Tales from the Ginnel


#61

Used some thicker timber in this plinth allowing me to round off the full width of the to bevel. Cut to shape with the No 8 plane and finished with a scraper set. Popped on a bit of turps to give an indication of the final finish.


The magic starts to happen at 400 grit :grinning:



#62

What is the finest grit you go down to, Bob? and do you think a sanded finish is better than a scraped one?


#63

I’ve got to say Bob, craftsmanship with wood like no other I’ve seen in recent times.


#64

Scraped vs sanded, that one I find depends on the wood. Straight grained wood I find easy to scrape, so Oak and the like. As soon as I get to wilder figuring like the pomela sapele, where there are crossed interlocked grains giving patches of softer and harder (end and side grain) timber, I find it easier to sand the finish on. It can all be done with a plane, I’ve seen cabinet makers achieve this, but I suspect years of experience , technique and tutoring come into play there.

With rippled sycamore I can plane a finish on that by planing with the ripple. The grain inbetween the ripple is fibrous and soft, so fine plane shavings leave a great finish. tried planing it the other way once, never made that mistake again, massive tear out, ouch!

Violin makers are so good at this, shaping and finishing with chisels, miniature planes and scrapers, fascinating to watch.

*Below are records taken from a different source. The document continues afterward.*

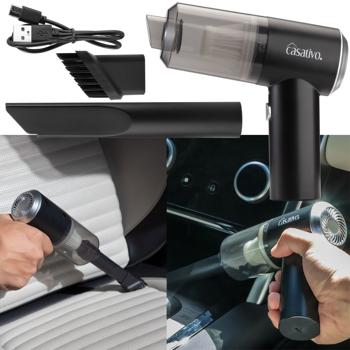 Kompakter Akku-Handstaubsauger mit LED-Leuchte, leistungsstarkem HEPA-Filter & 3 kPa Saugkraft, schwarz – ideal für Auto, Haushalt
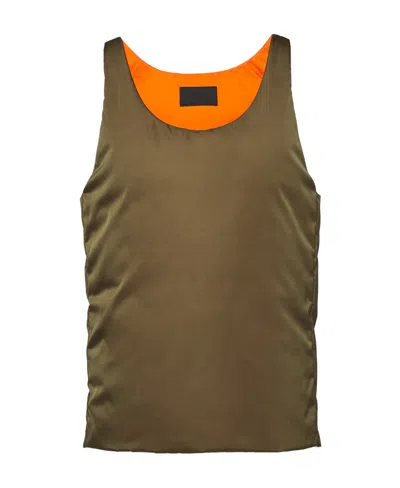 Prada Re-nylon Down Vest In Green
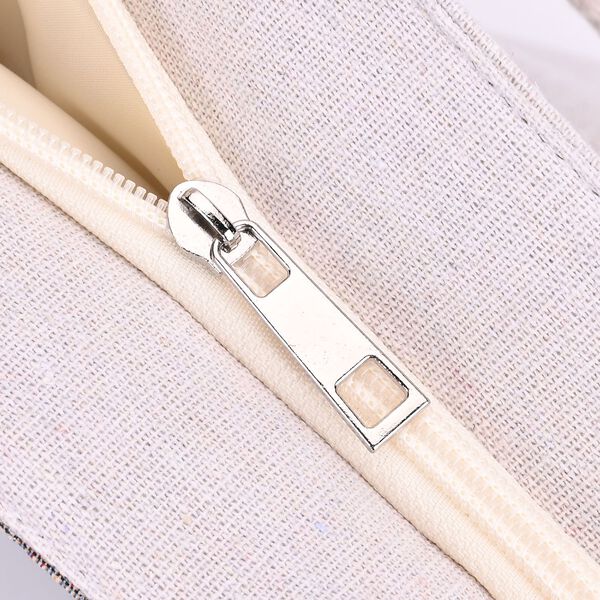 Gewebte Jute-Tasche mit Blumen, blau/wei&szlig; image number 6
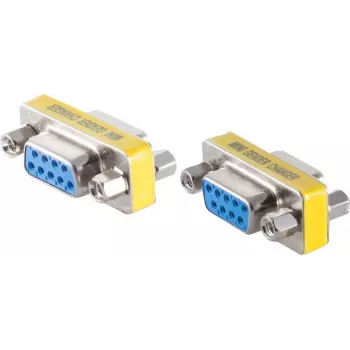 SHIVERPEAKS BS78254 9-pin D-SUB adapter stekker naar bus, zilver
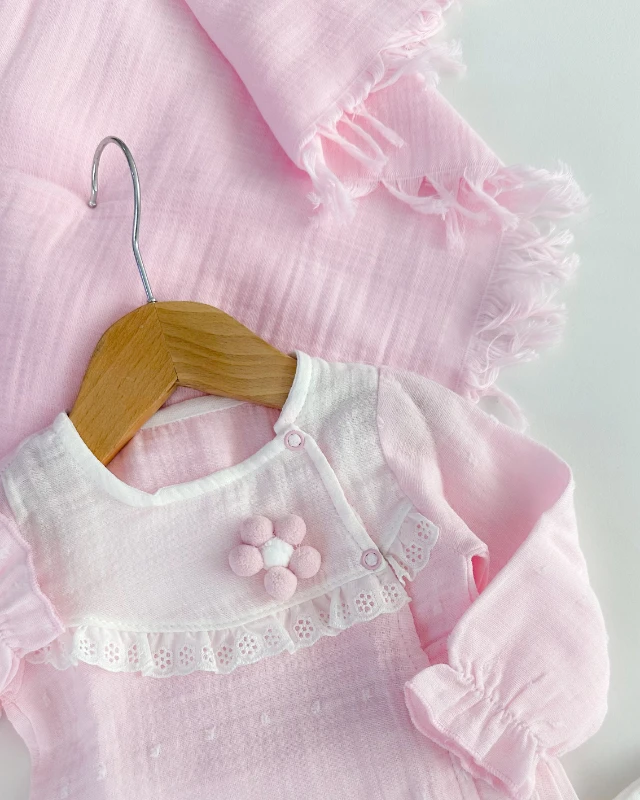 Ponpon papatya detaylı muslin kumaş mevsimlik yenidoğan 10 lu set 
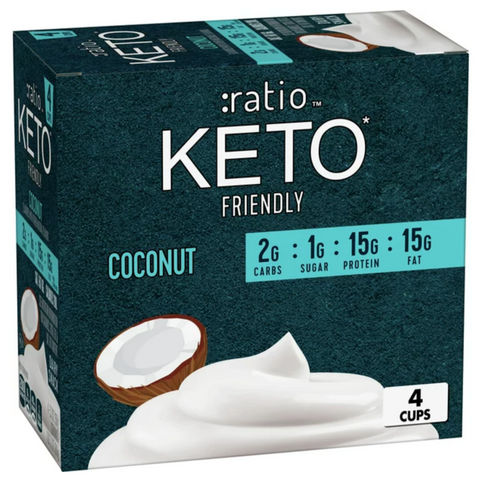 Ratio Keto Friendly Yogurt Cultured Dairy Snack Cups, Coconut, 5.3 oz., 4 Count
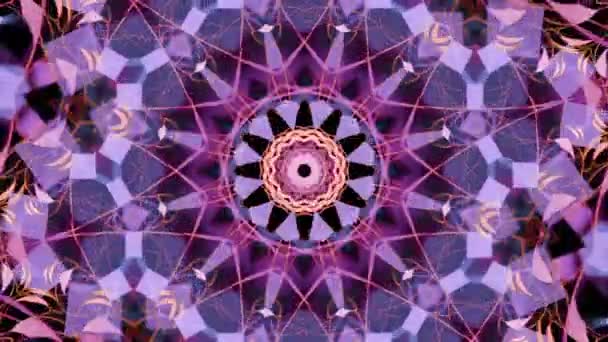 Κρύσταλλο Mandala Θραύσμα Μωβ Αποχρώσεις Λεβάντας Γρήγορη Trippy Trance Φως — Αρχείο Βίντεο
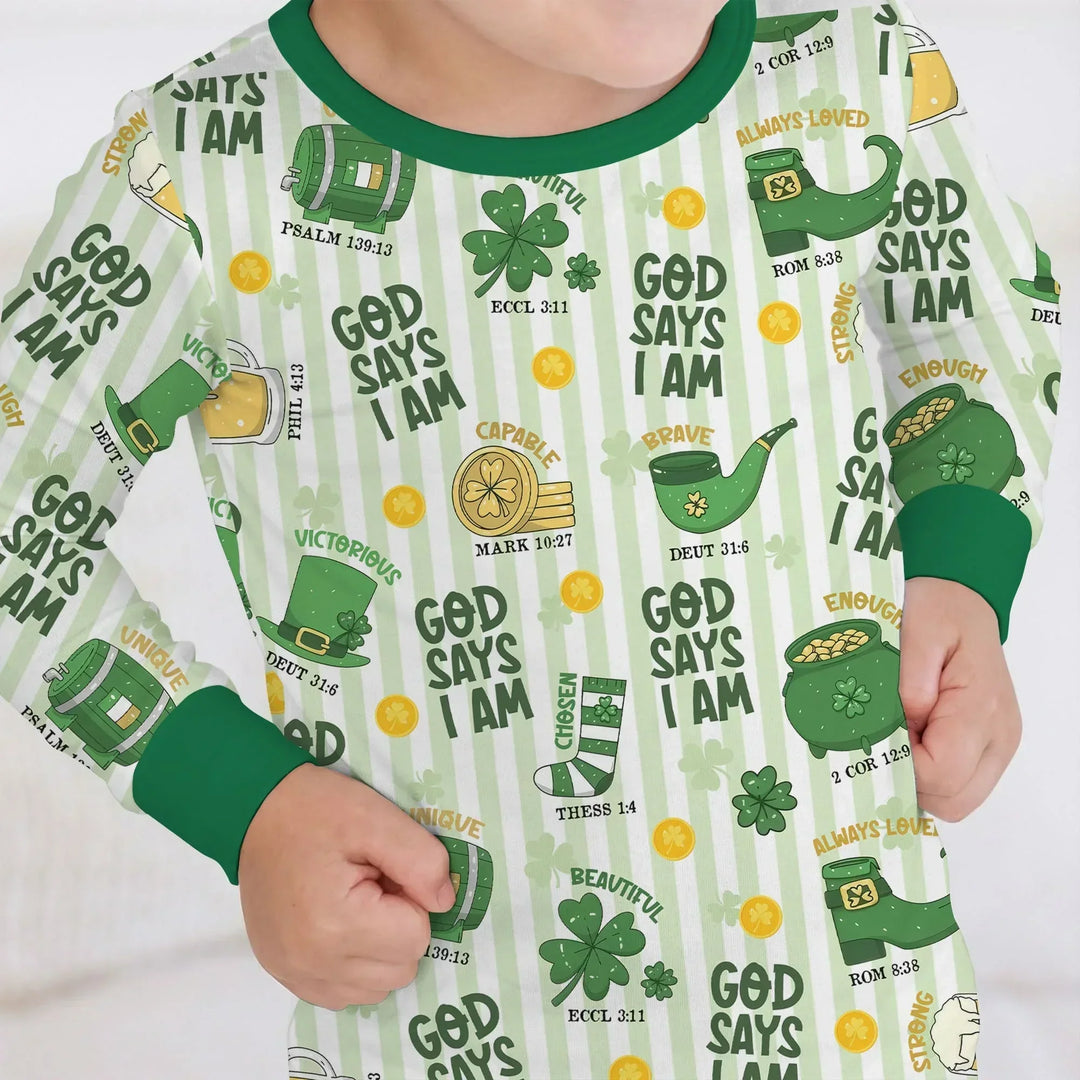 God Says I Am - Lucky & Loved Bamboo Two Piece Long Sleeve Pajama Set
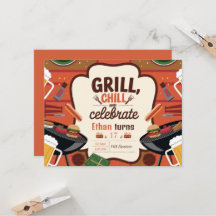 Chill Grill and Beer Birthday Invitation Card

i would normally go to 400/600 on the timber and then, if doing an oil finish, rub in using one or two thou grit paper. On the first few coats this helps fill the gain too. I don’t think I’ll ever stop trying out different finishes. This one, for instance, I am trying half a dozen coats of Danish (yea I know), then high gloss car polish, car glaze and then wax. Should give a very high gloss finish, but with a very thin coat.


#65

Great answer, thanks!

Have you tried using ground pumice with shellac as a grain filler?


#66

Yea, i used it on that last walnut plinth I made. I followed it with a short oil varish and wax. gave a nice semi gloss finish.


#67

Ah, ok.

I suppose you could use button polish (and a lot of elbow grease!) to achieve a ‘french polish’ finish, which I guess could be as glossy as you are prepared to make it.


#68

Did it once on a pair of speakers, I think my wrist was in figure of eight mode for a week after that :slight_smile:


#69

:laughing:


#70

Just a wash coat of turps to raise the grain and then back to the sanding. Colour and figure showing through nicely.


#71

Oiling ones bottom


#72

looking good


#73

The black line visible in this pic differentiates the upper resin plinth from the lower internal mass to which the motor is fixed.


#74

Lovely! What’s the weight now?


#75

About twenty kg, too heavy and it becomes counter productive.


#76

First stage of finish complete, last stage will be applied in about a week. In the meantime I can crack on with my own plinth.


#77

Stunning as always Bob.


#78

Lovely work. The mitre splices look the business :thumbsup:


#79

Lovey Bob, has the 301 had work?


#80

Nah, it’s just a borrowed unit to allow me to set the bolt holes and arm centers in these two plinths.